[PROBLEM TO SOLVE] Starting at the first line of the entries, extract each line up to and including the one that contains "Car - Image 3", but leave out the pictures.

[SOURCE MATERIAL]
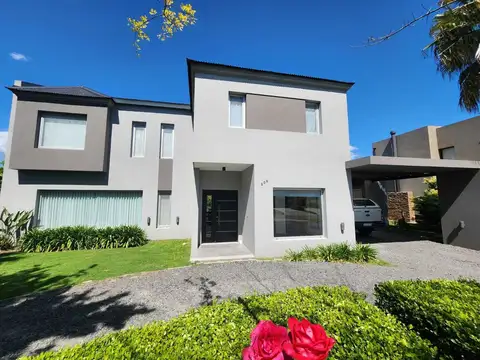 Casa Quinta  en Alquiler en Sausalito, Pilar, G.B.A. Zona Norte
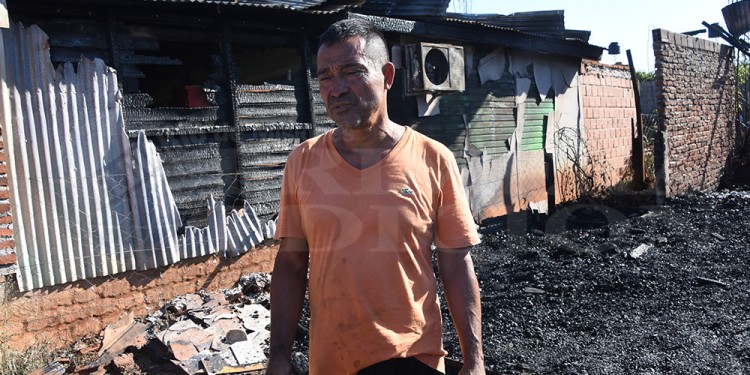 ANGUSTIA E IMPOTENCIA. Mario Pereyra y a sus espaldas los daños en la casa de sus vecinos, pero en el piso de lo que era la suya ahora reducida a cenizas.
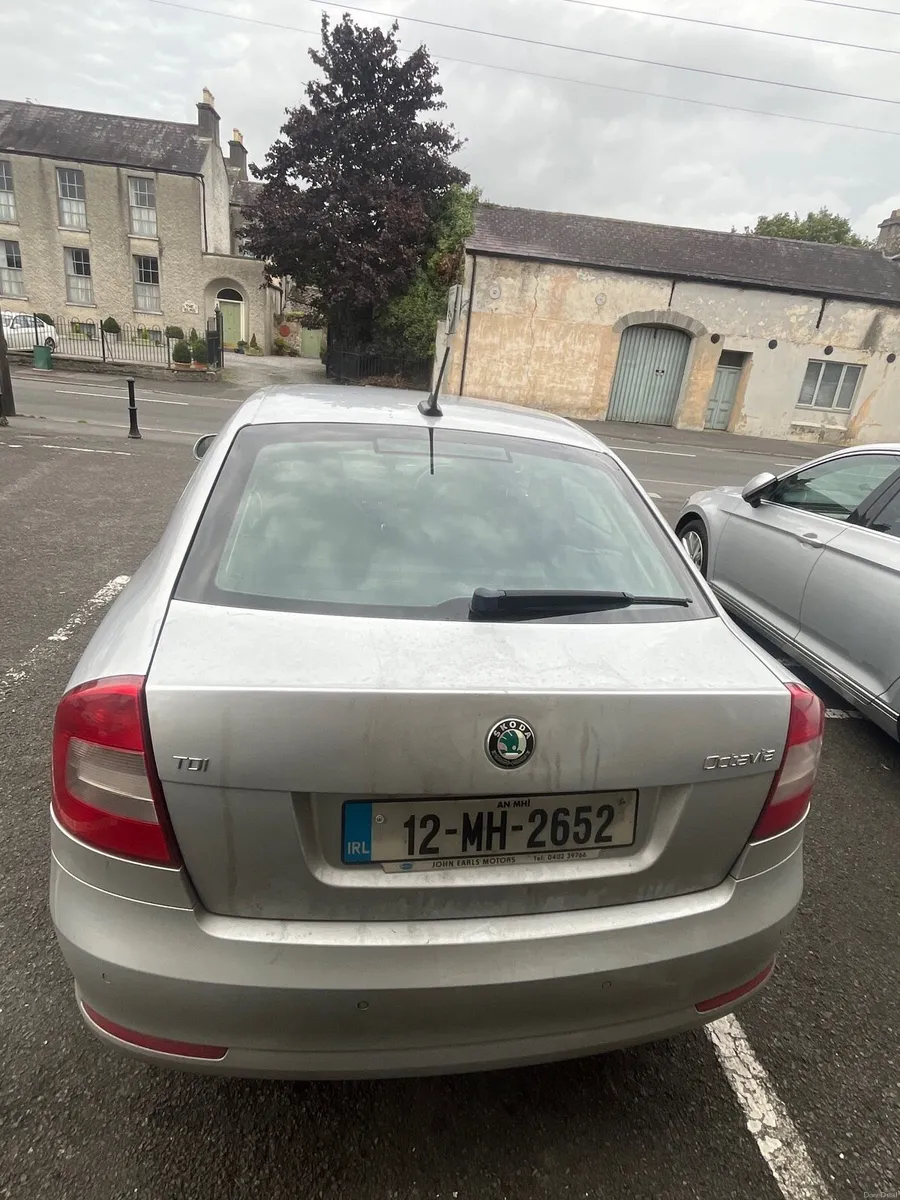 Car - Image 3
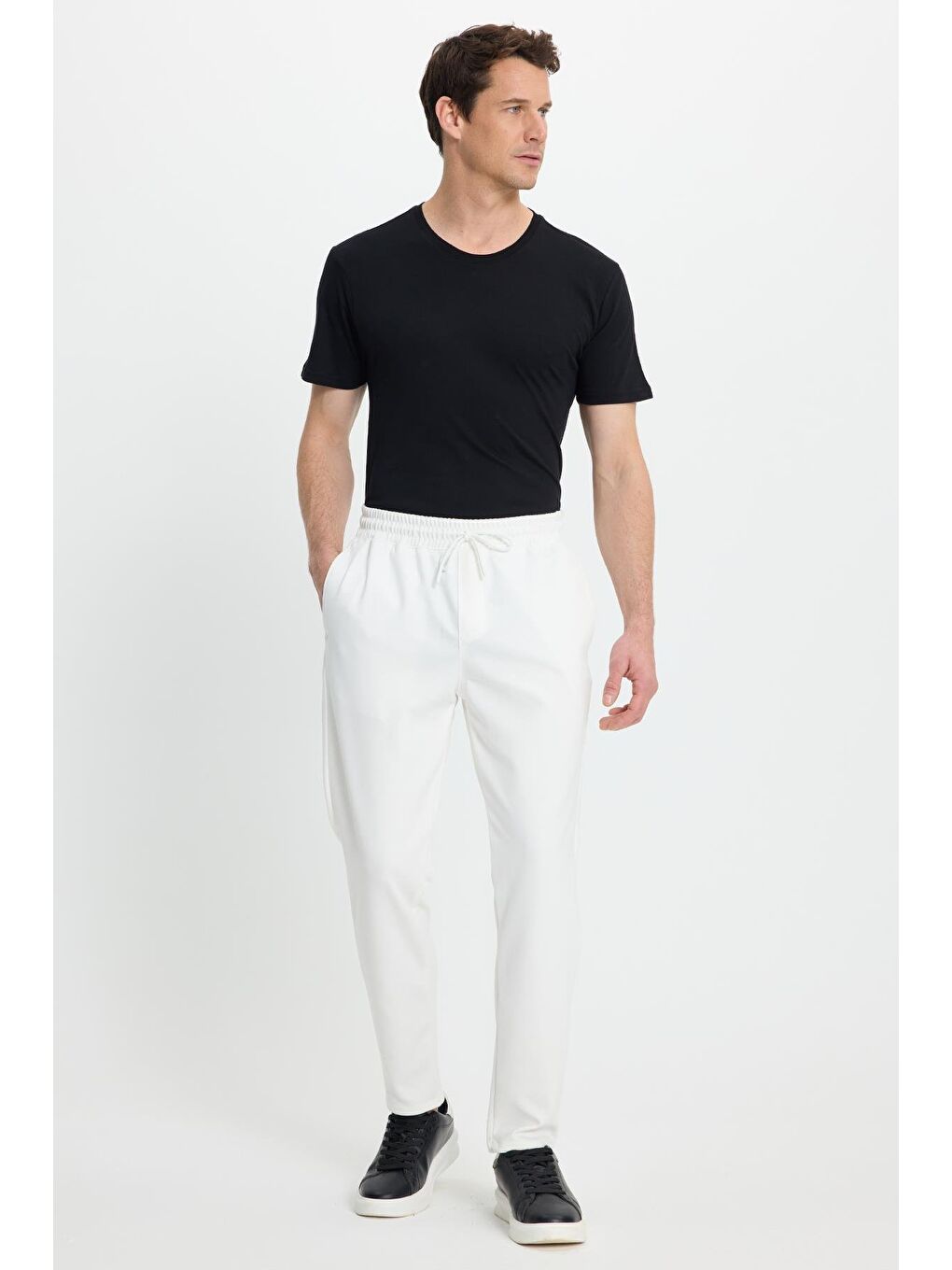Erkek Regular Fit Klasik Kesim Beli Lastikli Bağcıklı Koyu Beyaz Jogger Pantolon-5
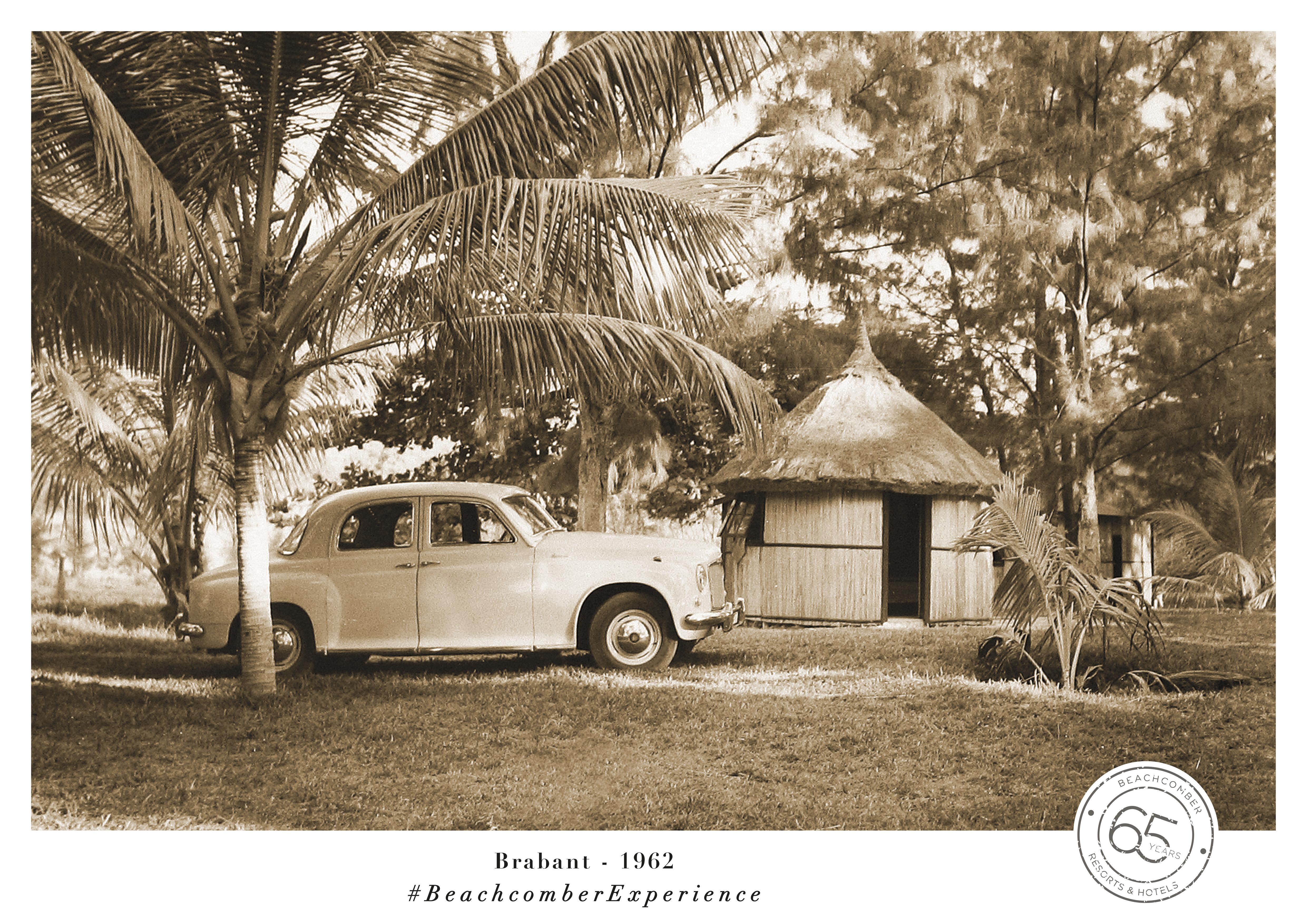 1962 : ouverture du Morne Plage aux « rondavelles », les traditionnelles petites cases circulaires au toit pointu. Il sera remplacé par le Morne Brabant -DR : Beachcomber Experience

[TASK OUTPUT]
 Casa Quinta  en Alquiler en Sausalito, Pilar, G.B.A. Zona Norte
 ANGUSTIA E IMPOTENCIA. Mario Pereyra y a sus espaldas los daños en la casa de sus vecinos, pero en el piso de lo que era la suya ahora reducida a cenizas.
 Car - Image 3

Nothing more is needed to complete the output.